Dr Ahmad Farouk Mousa, director of the think tank Islamic Renaissance Front, said this crackdown and other moves, such as not passing legislation meant to end unilateral child conversions to Islam, were meant to appease conservative Muslims.

“This group is a lifeline to the current ruling coalition in the face of massive corruption. As for the government – the state really doesn’t have any legitimacy to interfere because what these kids are doing is not curtailing any other citizen’s temporal rights.”

Lutheran pastor Dr Sivin Kit, who is director of the Centre for Religion and Society, said Shahidan had overreacted when compared with the measured statements from some state muftis.

“We should be more critical of their (politicians’) reaction as opposed to young people posting up pictures – I’m actually very cautious and guarded about why the political leaders are so excited about this.”

The SCMP report also quoted an attendee of the gathering as saying that it was just a casual meeting of like-minded friends and that the government’s reaction did not fit the “crime”.

 “Some choose to discuss topics pertaining to religion, and at times human rights issues dominate the conversations. But to be honest, most of us just wanted to talk about the latest Game of Thrones episode. The government is overreacting, but I’m not surprised. Ideas that bring about social progress, that challenge antiquated religious dogma have always been seen as a threat,” a person identified as Arrawdah said.

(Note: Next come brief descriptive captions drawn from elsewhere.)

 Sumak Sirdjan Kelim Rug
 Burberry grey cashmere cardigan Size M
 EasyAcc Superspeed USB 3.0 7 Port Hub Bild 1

University of Malaya law professor Dr Azmi Sharom said atheists were not the only group to persecuted, as Islamic authorities would go after all groups who challenged their dominance in religion.  

“The authorities tend to demonise Muslims who do not follow their school of thought. This includes Ahmadiyas and Shias. The insistence of there being only one school of Islamic thought in Malaysia has become part of the public landscape for many years now. So, no, apostates are not being unfairly demonised – the Islamic authorities demonise all who disagree with them. They are equal opportunity demonisers.”

Atheist Republic founder Armin Navabi said the Malaysian government had to think “long and hard” before criminalising people for merely attending a meeting.

“Does the Malaysian government really want their image to be put right next to countries like Saudi Arabia? To treat these people like criminals, people who haven’t harmed anybody?” –  August 13, 2017.